Instrument your application as in the example provided. The following important elements need to be included:
#include <self-profile.h>
This include file defines the API for your program to use.PROFILE_BEGIN()
This performs some initialization. Generally, add this anywhere before the code to be profiled.PROFILE_START()
This starts the performance counters. Put this immediately before the code to be profiled.PROFILE_STOP()
This halts the performance counters. Put this immediately after the code being profiled.PROFILE_REPORT()
The emits the collected counters to standard output. Put this afterPROFILE_STOP
.PROFILE_END()
This frees resources allocated byPROFILE_BEGIN
. Put this afterPROFILE_STOP
.
Note that there are other use-cases not described here,
such as profiling part of a loop where counters may be
paused and restarted, or where a snapshot of current
counters is needed without stopping the counters. The current
implementation may not obviously handle these cases, but the
implementation in self-profile.h
is not complex and can
easily be adapted.
Then, build your application.
To access the performance counters, you may need to increase
general privileges as set in /proc/sys/kernel/perf_event_paranoid
.
By default, this will likely be set to "4", but needs to be
less than 4:
$ echo 3 | /usr/bin/sudo /usr/bin/tee /proc/sys/kernel/perf_event_paranoid
To collect and report data for a set of counters, simply set the respective environment for the counter before running the application. The variable names are shown in "Supported events", above. For example:
$ export PERF_COUNT_HW_CPU_CYCLES=1
$ export PERF_COUNT_HW_INSTRUCTIONS=1
$ export PERF_COUNT_HW_BRANCH_INSTRUCTIONS=1
$ export PERF_COUNT_HW_BRANCH_MISSES=1
Then, run your application.
$ PERF_COUNT_HW_CPU_CYCLES=1 ./test_profile
Error opening leader 0
perf_event_open: Permission denied
The user will need some slightly elevated privileges in order to
enable profiling. The current default privilege level can be seen
in /proc/sys/kernel/perf_event_paranoid
:
$ cat /proc/sys/kernel/perf_event_paranoid
4
Lower values means increased privileges. A level of "3" is likely sufficient for basic counters:
echo 3 | /usr/bin/sudo /usr/bin/tee /proc/sys/kernel/perf_event_paranoid
If the report contains counts which are all zero, but are expected to be positive, it could be that too many events are selected.

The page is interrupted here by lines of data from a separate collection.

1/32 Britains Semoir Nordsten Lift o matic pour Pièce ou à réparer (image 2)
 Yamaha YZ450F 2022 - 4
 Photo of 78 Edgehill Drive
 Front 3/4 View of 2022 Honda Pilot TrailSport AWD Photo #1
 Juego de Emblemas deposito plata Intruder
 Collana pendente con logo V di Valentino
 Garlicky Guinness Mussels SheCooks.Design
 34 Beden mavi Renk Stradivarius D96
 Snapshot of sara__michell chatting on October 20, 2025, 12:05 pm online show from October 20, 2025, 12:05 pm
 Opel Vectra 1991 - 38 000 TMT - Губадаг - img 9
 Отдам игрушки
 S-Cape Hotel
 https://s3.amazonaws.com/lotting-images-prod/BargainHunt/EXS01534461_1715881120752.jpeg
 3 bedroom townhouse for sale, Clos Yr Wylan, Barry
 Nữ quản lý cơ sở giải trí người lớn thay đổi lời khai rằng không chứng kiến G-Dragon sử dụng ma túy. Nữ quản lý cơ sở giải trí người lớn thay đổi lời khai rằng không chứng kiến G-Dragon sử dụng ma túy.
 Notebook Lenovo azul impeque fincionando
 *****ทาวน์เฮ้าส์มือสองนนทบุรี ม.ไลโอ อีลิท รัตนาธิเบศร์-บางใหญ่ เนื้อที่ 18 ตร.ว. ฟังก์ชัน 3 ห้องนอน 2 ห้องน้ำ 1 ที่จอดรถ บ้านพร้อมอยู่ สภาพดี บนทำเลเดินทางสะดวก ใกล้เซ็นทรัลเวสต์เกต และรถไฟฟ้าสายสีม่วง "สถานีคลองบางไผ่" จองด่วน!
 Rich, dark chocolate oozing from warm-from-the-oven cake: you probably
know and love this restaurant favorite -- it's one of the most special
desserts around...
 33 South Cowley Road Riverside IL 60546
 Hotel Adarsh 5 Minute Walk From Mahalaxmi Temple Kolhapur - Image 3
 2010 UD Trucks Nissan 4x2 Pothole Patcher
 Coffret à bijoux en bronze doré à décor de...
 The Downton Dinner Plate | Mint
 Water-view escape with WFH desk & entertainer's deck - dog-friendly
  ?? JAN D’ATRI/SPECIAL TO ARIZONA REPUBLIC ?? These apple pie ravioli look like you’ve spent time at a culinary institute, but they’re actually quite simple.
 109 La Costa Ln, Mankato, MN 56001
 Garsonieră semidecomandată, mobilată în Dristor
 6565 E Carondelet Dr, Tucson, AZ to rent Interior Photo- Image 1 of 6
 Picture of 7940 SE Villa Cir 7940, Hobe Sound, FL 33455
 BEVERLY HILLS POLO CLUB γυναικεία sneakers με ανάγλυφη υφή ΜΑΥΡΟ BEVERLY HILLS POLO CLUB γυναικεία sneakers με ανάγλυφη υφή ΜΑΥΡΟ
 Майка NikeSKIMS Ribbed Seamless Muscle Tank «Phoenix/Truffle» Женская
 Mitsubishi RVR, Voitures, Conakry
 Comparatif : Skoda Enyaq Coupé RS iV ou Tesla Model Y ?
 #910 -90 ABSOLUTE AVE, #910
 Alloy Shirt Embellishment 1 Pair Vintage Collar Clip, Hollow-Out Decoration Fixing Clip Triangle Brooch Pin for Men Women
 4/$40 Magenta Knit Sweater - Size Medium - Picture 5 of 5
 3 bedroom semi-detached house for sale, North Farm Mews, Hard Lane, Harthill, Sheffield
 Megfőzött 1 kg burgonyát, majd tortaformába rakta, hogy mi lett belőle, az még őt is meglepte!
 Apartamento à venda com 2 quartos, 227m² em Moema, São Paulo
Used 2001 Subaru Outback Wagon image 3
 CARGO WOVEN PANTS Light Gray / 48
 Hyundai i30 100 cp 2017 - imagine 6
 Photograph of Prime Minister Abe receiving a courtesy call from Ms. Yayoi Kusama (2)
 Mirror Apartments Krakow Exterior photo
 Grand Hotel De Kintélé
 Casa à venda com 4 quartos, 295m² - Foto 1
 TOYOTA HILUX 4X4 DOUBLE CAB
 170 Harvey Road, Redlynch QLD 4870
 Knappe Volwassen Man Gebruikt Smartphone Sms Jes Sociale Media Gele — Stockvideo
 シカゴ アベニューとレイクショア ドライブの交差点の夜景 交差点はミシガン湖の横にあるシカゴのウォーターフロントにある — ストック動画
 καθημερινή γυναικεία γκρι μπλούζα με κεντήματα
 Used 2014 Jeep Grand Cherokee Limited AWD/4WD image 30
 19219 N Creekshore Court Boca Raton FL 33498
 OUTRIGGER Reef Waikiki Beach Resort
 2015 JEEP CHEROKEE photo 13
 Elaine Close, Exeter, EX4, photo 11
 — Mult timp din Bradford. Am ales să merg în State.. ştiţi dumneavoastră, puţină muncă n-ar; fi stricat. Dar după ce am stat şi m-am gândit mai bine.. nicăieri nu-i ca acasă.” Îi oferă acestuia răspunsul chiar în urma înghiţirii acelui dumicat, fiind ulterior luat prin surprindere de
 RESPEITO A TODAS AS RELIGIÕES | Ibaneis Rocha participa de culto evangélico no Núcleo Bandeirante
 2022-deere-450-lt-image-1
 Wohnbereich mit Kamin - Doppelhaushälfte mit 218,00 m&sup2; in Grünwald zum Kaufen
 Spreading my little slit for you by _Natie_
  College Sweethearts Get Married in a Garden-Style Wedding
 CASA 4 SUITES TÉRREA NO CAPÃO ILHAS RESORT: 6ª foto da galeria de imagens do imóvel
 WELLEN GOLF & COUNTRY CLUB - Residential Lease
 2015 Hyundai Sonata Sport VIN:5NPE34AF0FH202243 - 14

PERF_COUNT_HW_CPU_CYCLES(0): 0
PERF_COUNT_HW_INSTRUCTIONS(1): 0
PERF_COUNT_HW_BRANCH_INSTRUCTIONS(4): 0
PERF_COUNT_HW_BRANCH_MISSES(5): 0
PERF_COUNT_L1D_READ_ACCESS(0): 0
PERF_COUNT_L1D_READ_MISS(65536): 0
PERF_COUNT_L1D_WRITE_ACCESS(256): 0
PERF_COUNT_LL_READ_ACCESS(2): 0
PERF_COUNT_LL_READ_MISS(65538): 0
Try enabling fewer events.
$ PERF_COUNT_L1D_WRITE_MISS=1 ./test_profile
Error opening leader 10100
perf_event_open: No such file or directory
A selected event is likely unsupported, and cannot be profiled.